Mike Maggio, a former judge in Conway, is serving a federal prison sentence for pleading guilty to taking a bribe — campaign contributions from Morton and related parties arranged by former Republican Sen. Gilbert Baker — to reduce a jury verdict against a Morton nursing home from $5.2 million to $1 million in a negligence case. Baker is awaiting trial on charges related to his role. Morton has not been charged and insisted he only made legitimate campaign contributions in hopes of electing good judges, not to get a favorable ruling from Maggio.
Reports have begun coming in on candidates for judicial seats in March. One was filed by Greg Magness, a Fort Smith lawyer and one of at least three candidates for a circuit judgeship to be vacated by retirement of Judge James Cox.
Magness’ first campaign report reported $29,250 in contributions, with $10,000 of that coming from Magness himself and two family members.
Of the remaining $19,250, $14,000, or more than 70 percent of nonfamily money, came from Morton or related individuals. Morton gave $2,800 and Magness got $2,800 each from Paralea Hursh and Jerry Sams, both affiliated with Morton’s Central Arkansas Nursing Centers. He received another $5,600, half for the March election and half for a runoff if necessary, from Richard Chapman of Premier Pharmacy Care, a business founded by Morton to serve nursing homes.

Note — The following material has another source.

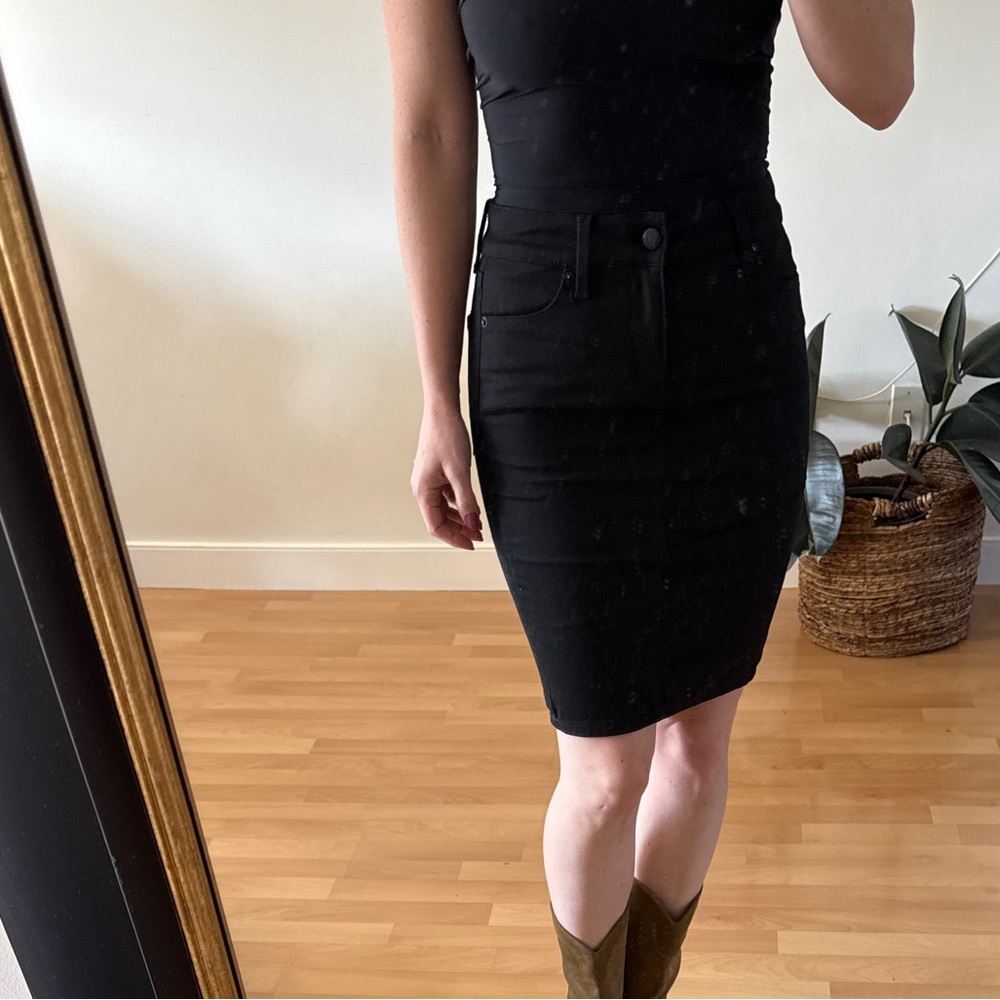 NWOT! Level 99 Black Denim Skirt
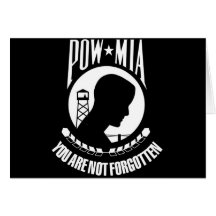 Prisoner of War - Missing in Action Card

In 2014, Morton spent tens of thousands on judicial races funneled by Baker into PACs. He directed $40,000 to Supreme Court Justice Rhonda Wood as well as contributions to Supreme Court Justices Karen Baker and Jo Hart; Maggio in his aborted race for Court of Appeals, and several candidates for circuit judgeships in Faulkner County. He spent heavily on legislative races, too, and was tied to a bundle of almost $100,000 pumped into Attorney General Leslie Rutledge’s campaign. He spent some $250,000 altogether in 2014, at our last check and that was hampered by a mix of paper and electronic filings.
It’s early yet and there are many judicial races on the ballot this year, including one for Arkansas Supreme Court. One rumor puts Rutledge in the Supreme Court race with Judge Chip Welch. If past is prologue, there’s a deep pocket she could tap should she make a late entry.